Appauvrissement de la biodiversité et impact sur l'homme

Cette transformation du milieu se traduit en général par un appauvrissement de la biodiversité


puis par la perturbation du fonctionnement des écosystèmes.

L'affaiblissement et la disparition des services écologiques rendus par ces écosystèmes


(mécanismes d'épuration, stabilisation des sols, etc.) génèrent une dégradation généralisée du
milieu de vie aussi bien pour les organismes que pour l'homme et ses activités.

Mesures pour la préservation de la biodiversité


Dans un souci de préservation de la biodiversité, des mesures ont été mises en place pour
maintenir des arbres individuels, des groupes d’arbres ou des forêts entières présentant un intérêt
biologique particulier.

Les réserves forestières intégrales (RFI)

sont des sites forestiers exclus de l'exploitation forestière usuelle, en vue de les maintenir dans un
état naturel. Le but du Gouvernement est de classer 5% des forêts publiques en tant que réserves
forestières intégrales.

Les objectifs poursuivis par cette démarche sont les suivants:

permettre l'évolution d'écosystèmes forestiers laissés à l'état naturel et le développement


de la diversité biologique ;
constituer des sites d'observation et de démonstration pour la recherche sylvicole et le
monitoring de l'environnement naturel ;
constituer des réserves génétiques en forêt ;
promouvoir les valeurs récréative et éducative de ce type de zone protégée.

Les arbres bio et le bois mort

sont des éléments vitaux pour beaucoup d’espèces.

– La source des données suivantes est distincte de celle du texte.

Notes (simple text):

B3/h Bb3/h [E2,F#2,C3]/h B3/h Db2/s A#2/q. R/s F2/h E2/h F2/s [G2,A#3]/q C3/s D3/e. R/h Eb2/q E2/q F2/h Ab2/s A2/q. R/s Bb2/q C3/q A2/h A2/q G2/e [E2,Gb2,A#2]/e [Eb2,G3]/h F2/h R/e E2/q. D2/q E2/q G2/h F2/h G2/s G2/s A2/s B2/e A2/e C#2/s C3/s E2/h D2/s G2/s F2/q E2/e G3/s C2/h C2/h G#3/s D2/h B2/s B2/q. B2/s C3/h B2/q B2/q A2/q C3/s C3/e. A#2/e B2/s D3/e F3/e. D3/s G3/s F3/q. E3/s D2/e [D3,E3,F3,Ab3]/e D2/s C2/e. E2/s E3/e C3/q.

Certaines espèces utilisent les arbres pour la
nidification. D’autres se nourrissent du bois en décomposition. Afin de préserver les espèces peu
mobiles, il est important de maintenir un réseau d’arbres bio et de laisser du bois mort en forêt,
au lieu d’exploiter la totalité de la forêt.
Les îlots de vieillissement

sont des groupes d’arbres sélectionnés. Ils ont pour destinée de devenir un groupe d’arbres bio.
Ainsi, la faune et la flore auront un espace protégé au sein de la forêt où ils pourront se
développer.

Les îlots de vieillissement sont définis lors de la planification forestière décennale.

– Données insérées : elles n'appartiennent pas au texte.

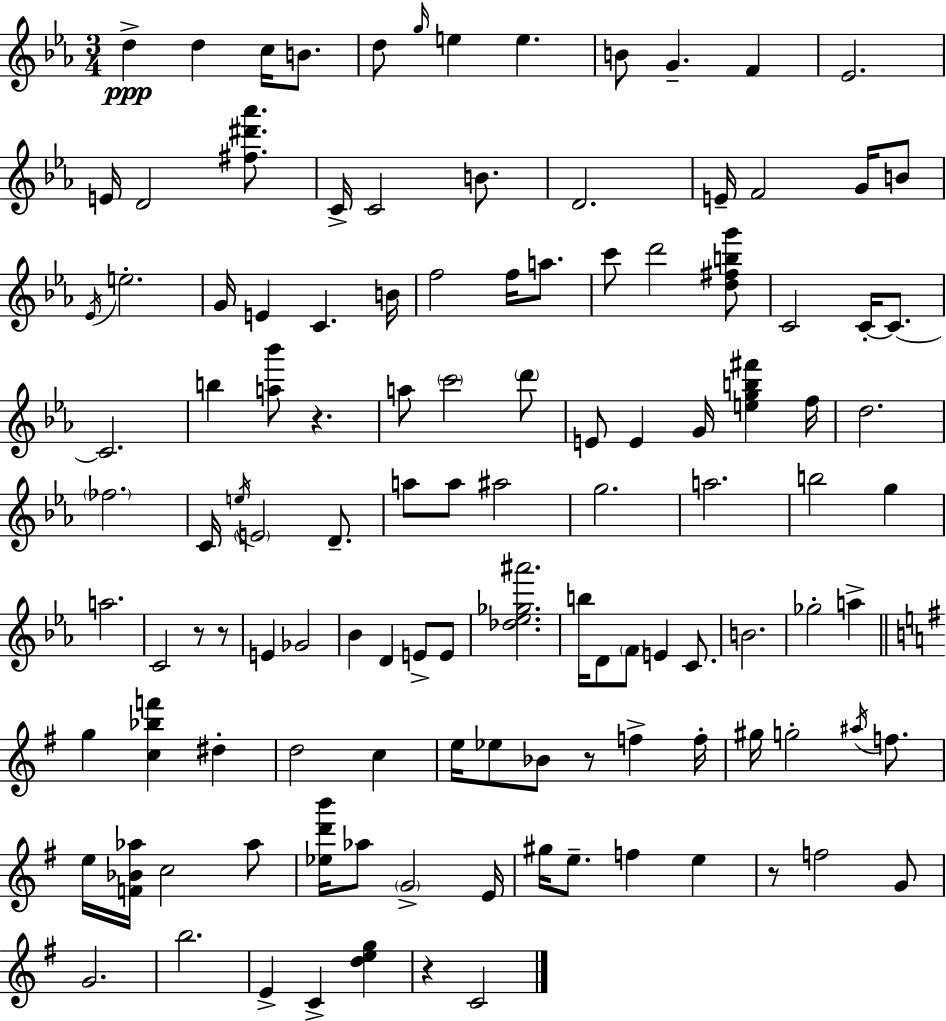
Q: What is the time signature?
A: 3/4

La cartographie des biotopes forestiers

a été établie dans le but de pouvoir identifier géographiquement les zones forestières protégées
qui doivent être préservées dans un bon état de conservation. Ainsi, on pourra localiser sur une
carte les biotopes tels que par exemple : mardelles, sources, lisières forestières, mais aussi
hêtraies, chênaies-charmaies ou forêts alluviales.

Les arbres remarquables

sont des arbres qui font partie du patrimoine national. Ces arbres sont classés sur base de critères
tels que la taille, l’âge et l’apparence.

Un plan d’action espèces rares et habitat protégé

est établi pour les espèces menacées ou dont la préservation est particulièrement intéressante. Les
espèces et habitats pour lesquels des plans d’action devront être élaborés

ne sont pas protégés de manière satisfaisante par les mesures de protection zonales ;
ont une répartition géographique assez large, malgré une densité faible, caractéristique
d’une dynamique des populations dites de métapopulations, nécessitant une gestion
concertée à grande échelle ;
sont de préférence des espèces ou habitats-clé dont la conservation et les mesures de
conservation sont bénéfiques à la conservation d’autres espèces prioritaires.

Un plan d’action peut également être élaboré pour les espèces exotiques envahissantes, menaçant
les espèces, habitats et écosystèmes indigènes ou dangereuses pour la santé publique.